Many video cards and the BIOS may reprogram the second channel for their own uses. This channel was originally used for generating a timing pulse signal to signal the memory controller to refresh the DRAM memory. In modern times, this is no longer needed as the refresh is done by the memory controller. Because of this, there is no guarantee at what devices may use this counter.

Channel 2

This channel is connected to the PC Speaker to generate sounds. the PC speaker is normally meant to produce a square wave with two levels of output. However, it is possible to go between the two true defined sound square levels. This is called Pulse-Width Modulation (PWM).

We can set up this channel by programming it for mode 3, and setting a frequency rate for the tone.

We can also program the PC Speaker directly. Looking back at Tutorial 7, we can see that the PC speaker is mapped to port 0x61. This port defines how the speaker will operate:

Bit 0: If set (1), the state of the speaker follows bit 1
Bit 1: If set (1), the speaker uses the PIT, If not set (0), the speaker disables its connection to the PIT

If bit 0 is set, the rest of the byte contains a pattern of bits representing the frequency of the tone. We can generate up to 8 bit sounds from the speaker, which is kind of cool, but tricky to do.
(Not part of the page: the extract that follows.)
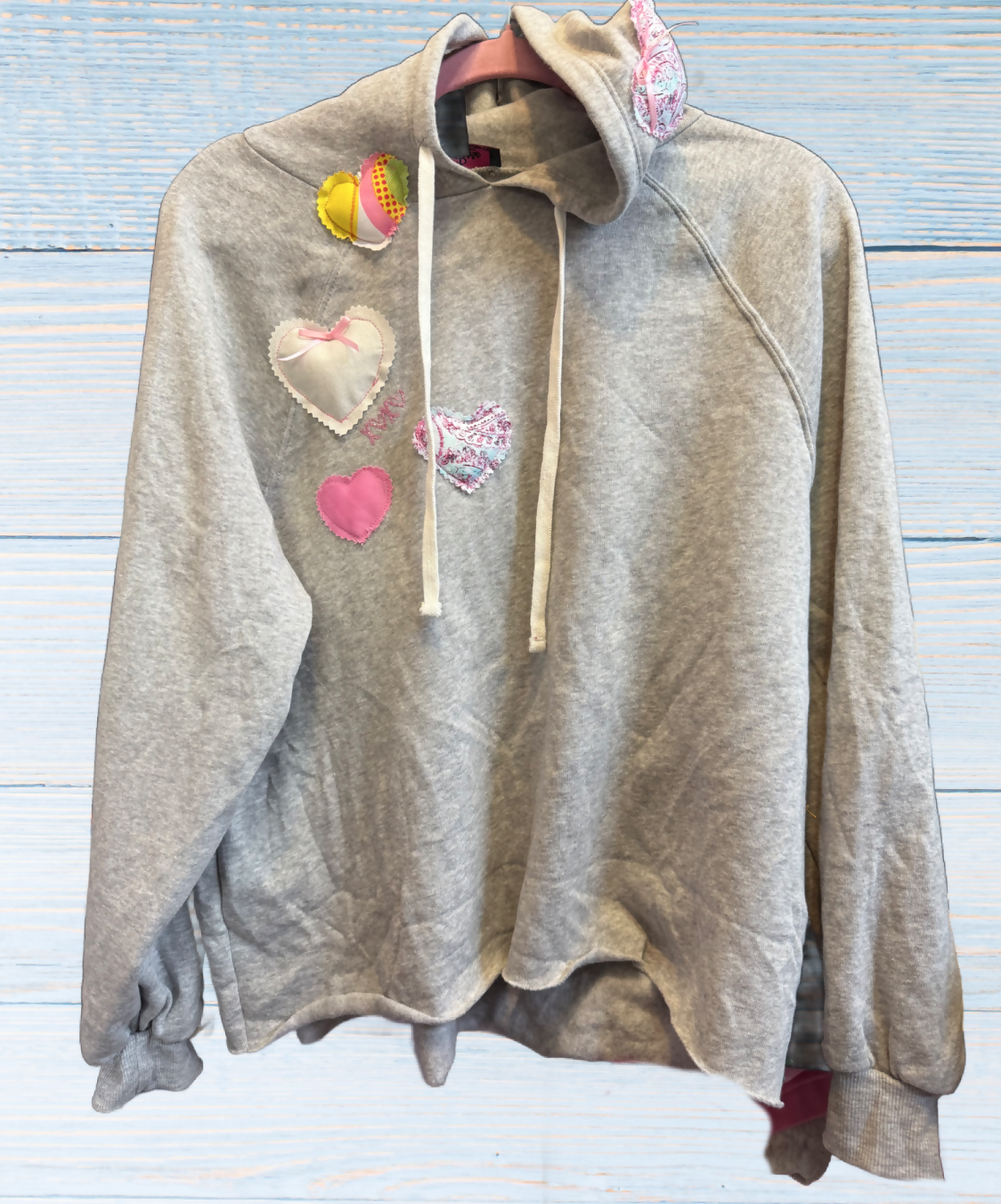 Puffy Hearts V-day Sweatshirt Medium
You should also notice that we can disable devices from using the PIT. At startup, the BIOS configures the speaker to use the PIT channel 2, running in mode 3. It is recommended to keep the speaker to use the PIT do to timing problems that you will run into.

Here is an example, for completeness sake:

; disables the speaker, and stop using channel 2
mov	dx, 0x61
out	dx, 0
 
; generates tone from speaker
out	dx, 11111101b

Conclusion

Once a counter is set up, it will remain that way until it is changed by another control word.

There is some cool things we can do with these counters, huh? Because channel 1 is not used anymore, we cannot assume it is safe and use it ourselves. Because of this, it is recommended to stick to channel's 0 and 2.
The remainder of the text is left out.